To test that idea, the phase 2 KEYNOTE-942 trial enrolled 157 patients with completely resected, high-risk stage IIIB-IV cutaneous melanoma. They were randomly assigned 2:1 to receive up to nine doses of intismeran (1-mg intramuscularly every 3 weeks) plus 18 doses of pembrolizumab (200 mg intravenously every 3 weeks), or 18 doses of pembrolizumab 200 mg alone.
The 5-year analysis — conducted after the last enrolled patient had 4 or more years of planned follow-up — showed that intismeran plus pembrolizumab led to durable improvement in recurrence-free survival, the primary endpoint.
At 4 years, recurrence-free survival rates were 72% with intismeran plus pembrolizumab vs 49% with pembrolizumab alone. That benefit was maintained across the primary analysis (hazard ratio [HR], 0.56), 3-year update (HR, 0.51), and 5-year update (HR, 0.51).
The recurrence-free survival benefit was seen across all key patient subgroups, including disease stage, PD-L1 status, BRAF mutation status, and tumor mutation burden. Notably, Carlino said, the two patients who were circulating tumor DNA-positive and treated with pembrolizumab alone had recurrences.
For the secondary endpoint of distant metastasis-free survival, rates at 4 years were 84% with the combination vs 65% with pembrolizumab alone (HR, 0.41) — in line with the primary and 3-year results.
Overall Survival Benefit?
Data on overall survival remain immature with relatively few events but show an encouraging trend, Carlino reported.
Seven of 107 patients (6.5%) in the combination group had died at the time of analysis compared with 7 of 50 patients (14%) in the pembrolizumab-alone group. Overall survival rates were just over 92% in the combination group and 85.6% in the pembrolizumab-only group (HR, 0.47). But, Carlino said, the CI crossed 1 because of the limited number of events.
No new safety signals emerged with longer-term follow-up. Most vaccine-related adverse events were grade 1 or 2 and predictable, Carlino said — including fatigue, injection site pain, fever, and chills. Overall, 11 patients (10.6%) had a grade 3 intismeran-related adverse event; no grade 4 or 5 events were attributable to the vaccine.
Importantly, Carlino reported, rates of immune-related adverse events were similar between groups, and grade 3 immune-related events were numerically lower with the combination than with pembrolizumab alone (10.6% vs 12%).
The updated analysis also provided mechanistic evidence supporting the vaccine’s proposed mode of action. Intismeran plus pembrolizumab generated sustained expansion of novel T-cell clones, and that expansion was associated with a lower risk for recurrence.

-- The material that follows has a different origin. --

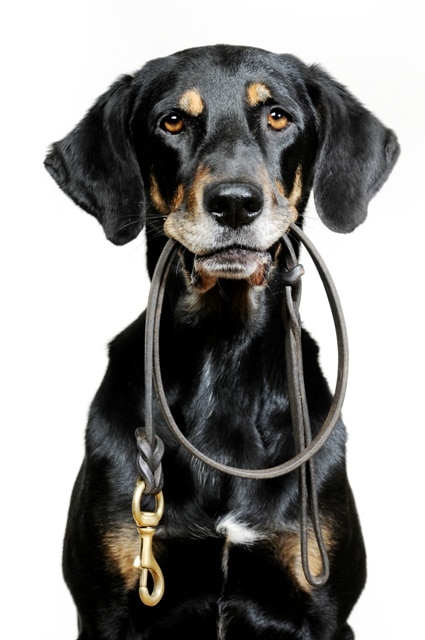 All about dogs 1. - Minden, amit a kutyákról tudni kell 1. 1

That’s suggestive of “durable immune surveillance,” Carlino said.
Real-World Use
Study discussant Rodrigo Ramella Munhoz, MD, PhD, a clinical oncologist specializing in melanoma, said the translational findings suggest that the platform works. But he stressed that confirmation in the ongoing phase 3 INTerpath-001 trial will be “critical,” particularly given the complexity and cost associated with producing personalized vaccines — issues that could limit widespread use.

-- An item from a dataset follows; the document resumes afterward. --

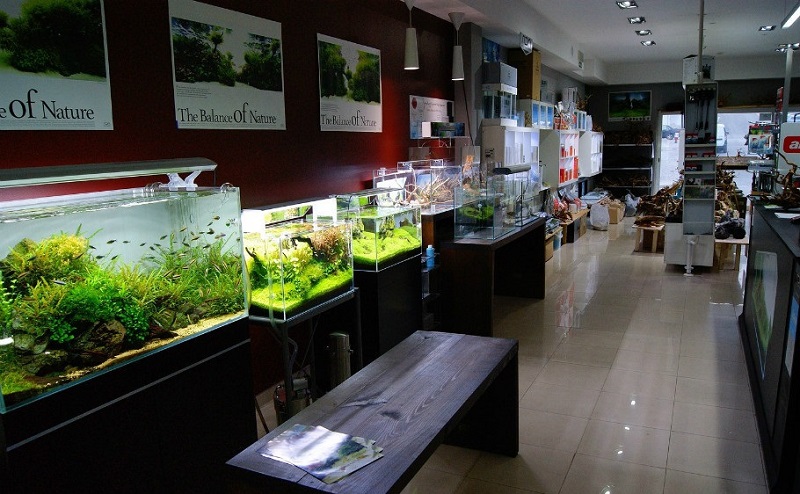 ���Է�ˮӦ������ ʵ������ʹ�÷�������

Munhoz, of Sírio-Libanês Hospital in São Paulo, Brazil, also pointed to the key bigger-picture question: In an evolving melanoma treatment landscape increasingly dominated by neoadjuvant strategies, where might personalized vaccines fit in?
Carlino and his colleagues acknowledge that a limitation of this trial was its exclusion of patients who’d received prior neoadjuvant or perioperative systemic therapy.
“Melanoma is moving from a one-size-fits-all perioperative approach toward biologically adaptive, personalized, and intensified strategies,” Munhoz said. “As we expand neoadjuvant treatments for melanoma, the optimal regimen remains unclear, and biomarkers to guide intensification are an unmet need.”
The study was sponsored by Moderna in collaboration with Merck Sharp & Dohme (MSD). Disclosure information for the study authors is available in the JCO publication. Munhoz has disclosed relationships with various pharmaceutical companies including MSD, Novartis, Pfizer, and Bristol Myers Squibb.